Copy from the first line below down to and including the line with "Dog Whistle Lane map". Skip the pictures.

┌──

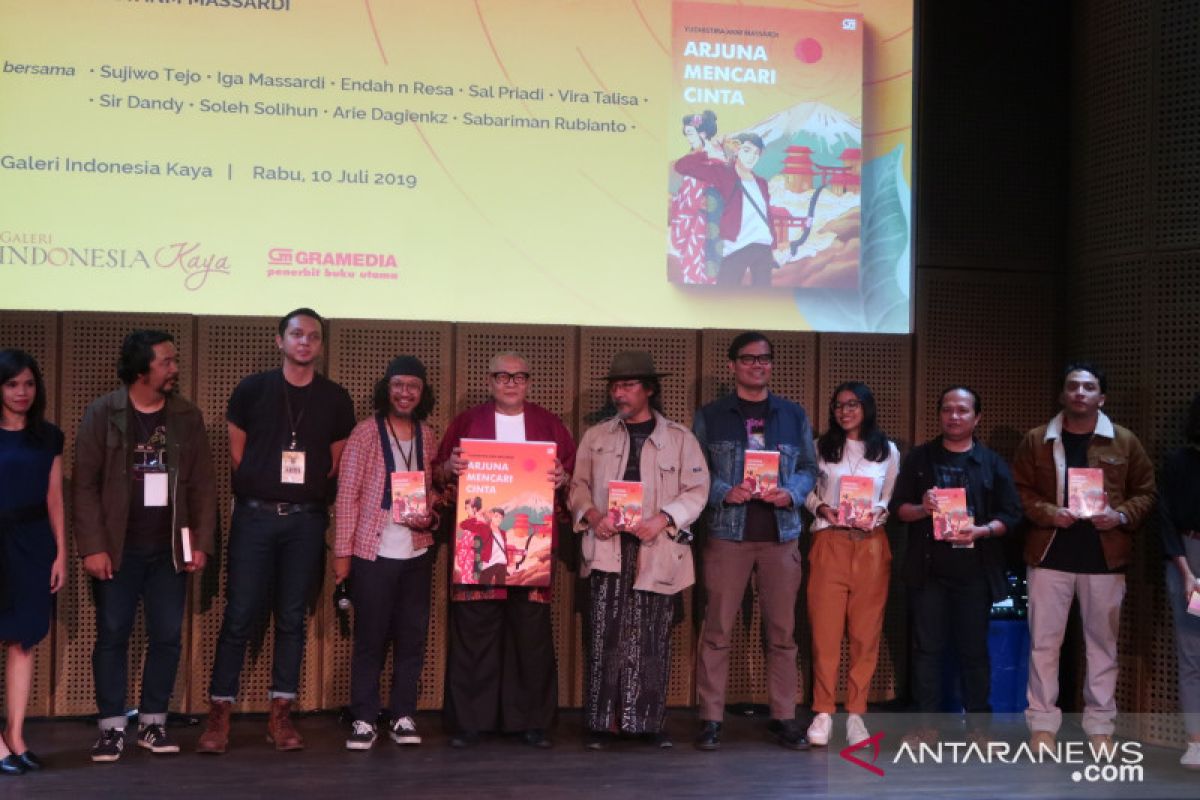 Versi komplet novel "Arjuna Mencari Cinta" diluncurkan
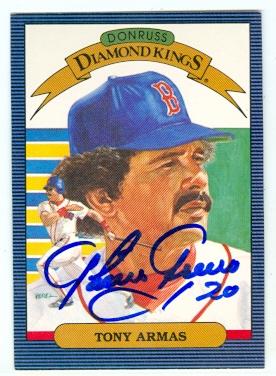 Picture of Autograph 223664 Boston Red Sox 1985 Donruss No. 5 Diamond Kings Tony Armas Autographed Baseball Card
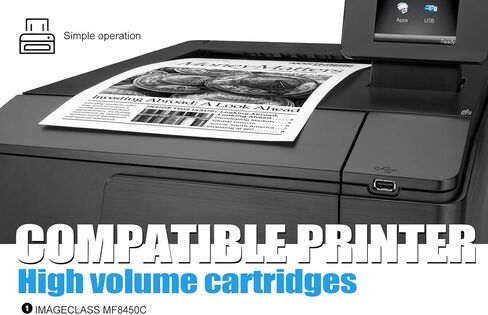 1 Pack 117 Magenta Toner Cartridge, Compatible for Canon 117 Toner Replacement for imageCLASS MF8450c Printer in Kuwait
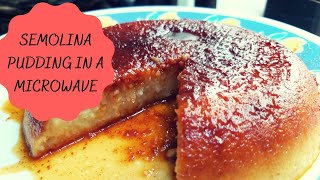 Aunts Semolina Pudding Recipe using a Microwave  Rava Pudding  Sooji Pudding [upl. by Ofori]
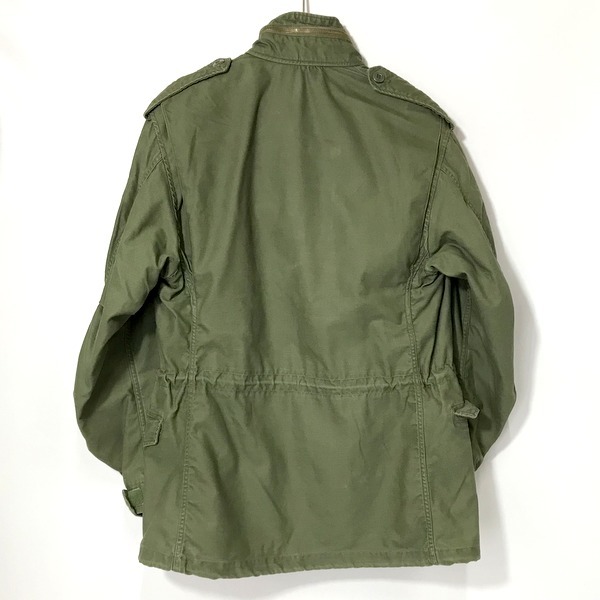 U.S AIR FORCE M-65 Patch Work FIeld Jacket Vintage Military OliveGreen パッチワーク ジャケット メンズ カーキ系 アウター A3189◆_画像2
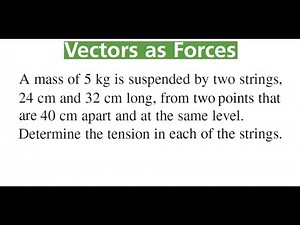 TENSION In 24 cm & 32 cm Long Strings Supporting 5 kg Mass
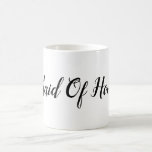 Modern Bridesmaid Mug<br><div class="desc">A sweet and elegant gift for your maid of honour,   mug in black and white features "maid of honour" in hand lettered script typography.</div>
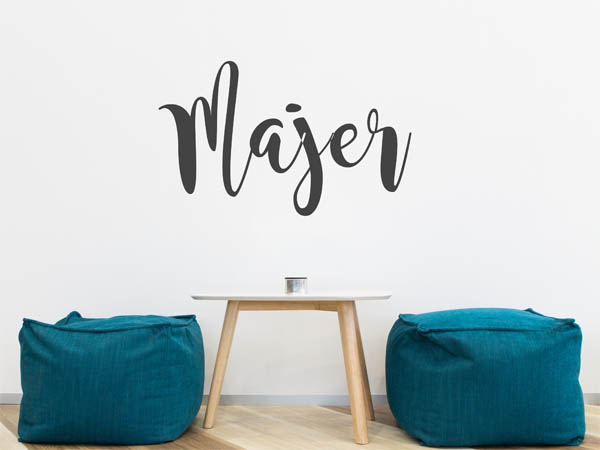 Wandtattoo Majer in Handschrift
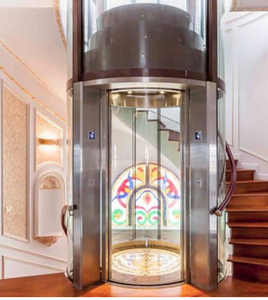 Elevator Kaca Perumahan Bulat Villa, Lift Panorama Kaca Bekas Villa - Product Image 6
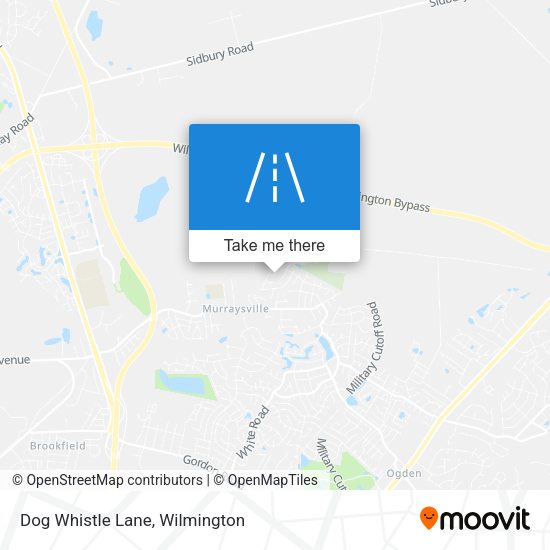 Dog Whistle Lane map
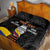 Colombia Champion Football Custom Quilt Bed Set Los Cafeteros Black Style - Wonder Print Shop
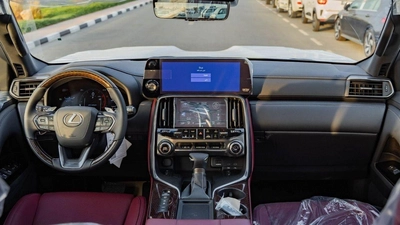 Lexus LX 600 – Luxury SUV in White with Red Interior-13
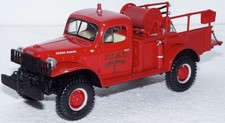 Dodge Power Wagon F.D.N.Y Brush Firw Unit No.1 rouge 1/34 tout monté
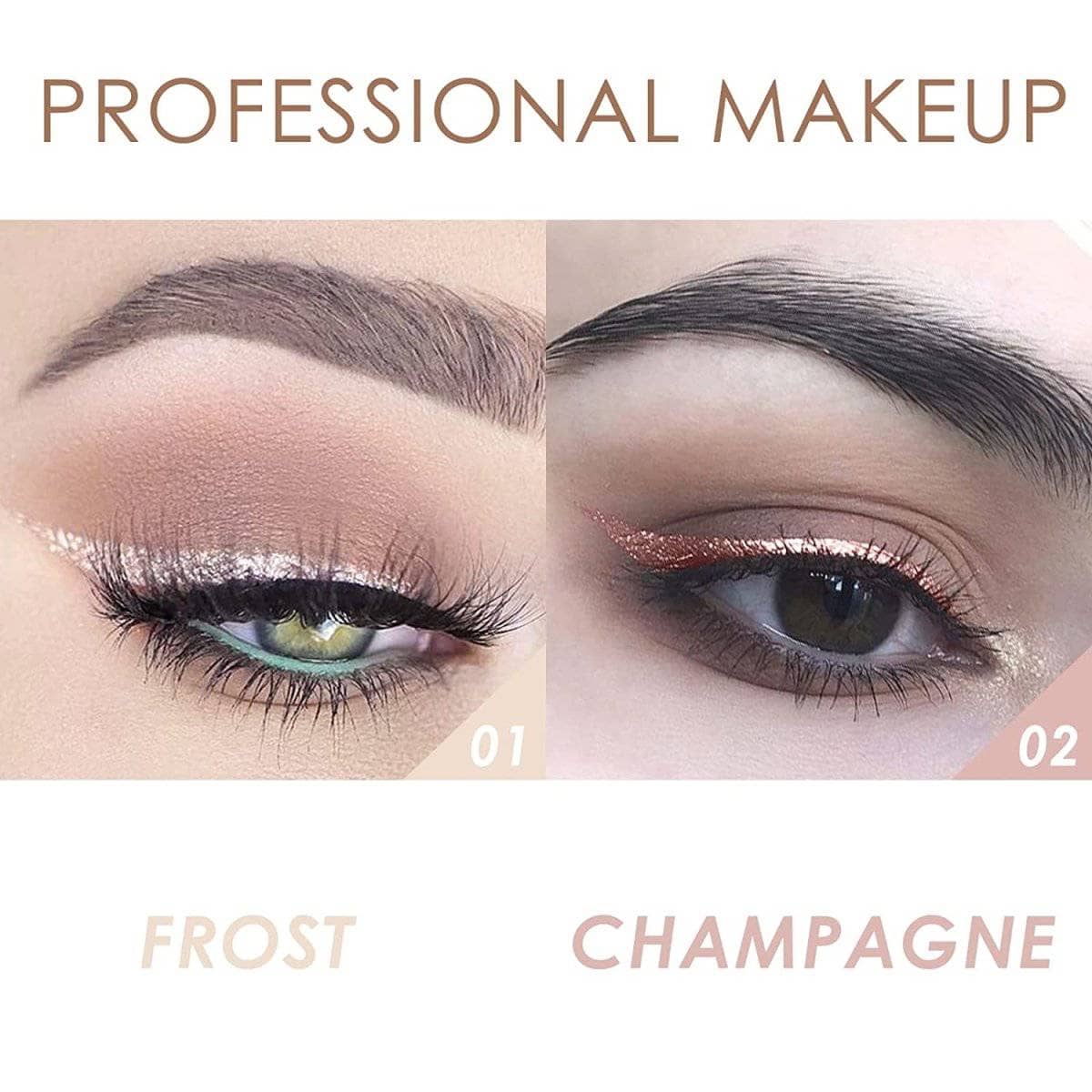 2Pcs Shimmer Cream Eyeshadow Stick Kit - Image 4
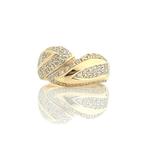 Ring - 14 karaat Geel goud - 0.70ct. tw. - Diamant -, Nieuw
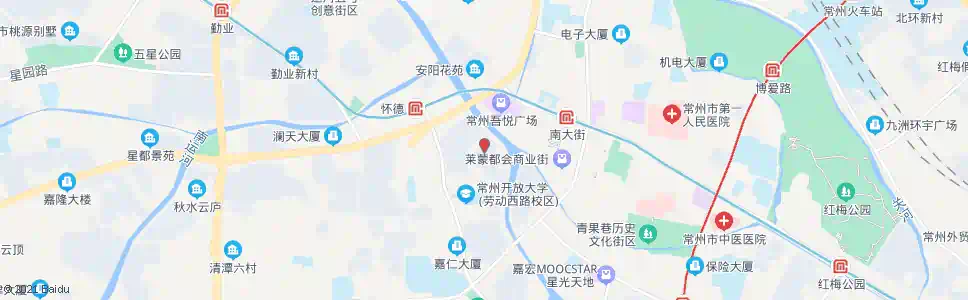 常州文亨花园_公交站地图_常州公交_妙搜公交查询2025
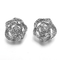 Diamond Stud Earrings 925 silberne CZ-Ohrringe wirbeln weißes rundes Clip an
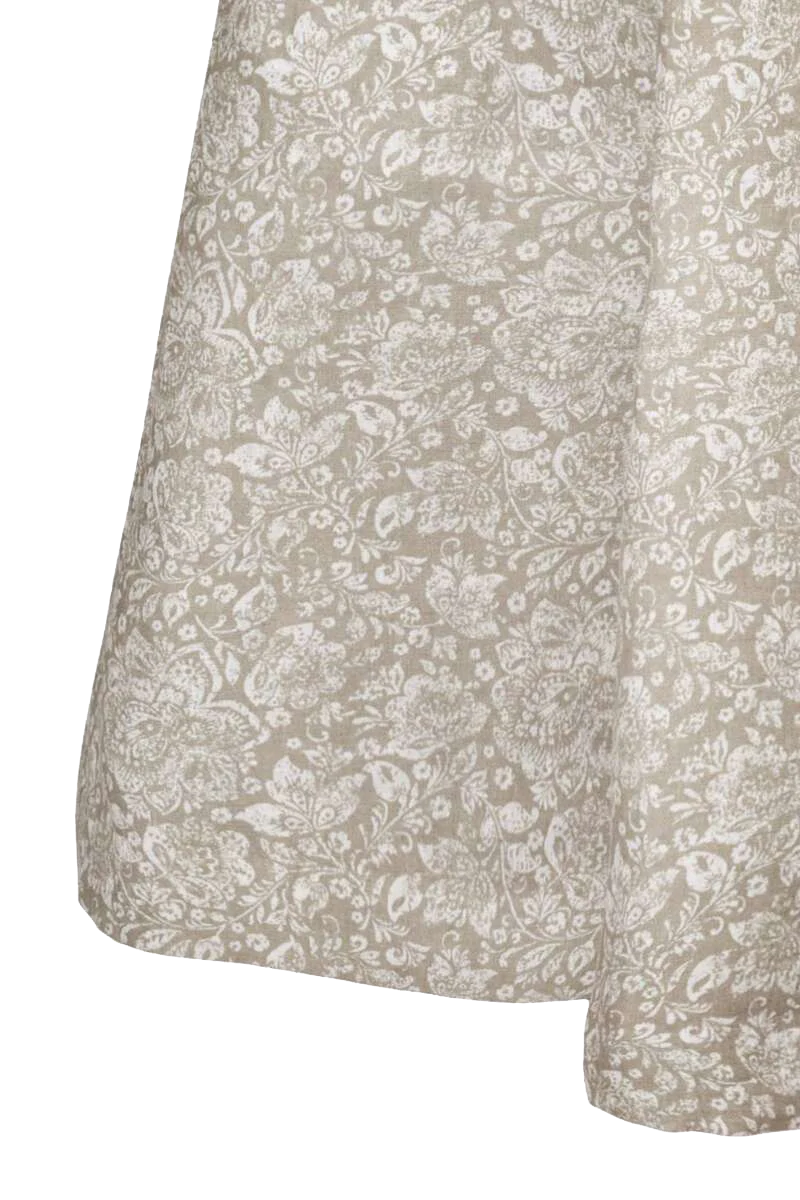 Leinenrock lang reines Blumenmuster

└──

Answer to this exercise:
 Versi komplet novel "Arjuna Mencari Cinta" diluncurkan
 Picture of Autograph 223664 Boston Red Sox 1985 Donruss No. 5 Diamond Kings Tony Armas Autographed Baseball Card
 1 Pack 117 Magenta Toner Cartridge, Compatible for Canon 117 Toner Replacement for imageCLASS MF8450c Printer in Kuwait
 Aunts Semolina Pudding Recipe using a Microwave  Rava Pudding  Sooji Pudding [upl. by Ofori]
 U.S AIR FORCE M-65 Patch Work FIeld Jacket Vintage Military OliveGreen パッチワーク ジャケット メンズ カーキ系 アウター A3189◆_画像2
 TENSION In 24 cm & 32 cm Long Strings Supporting 5 kg Mass
 Modern Bridesmaid Mug<br><div class="desc">A sweet and elegant gift for your maid of honour,   mug in black and white features "maid of honour" in hand lettered script typography.</div>
 Wandtattoo Majer in Handschrift
 Elevator Kaca Perumahan Bulat Villa, Lift Panorama Kaca Bekas Villa - Product Image 6
 Dog Whistle Lane map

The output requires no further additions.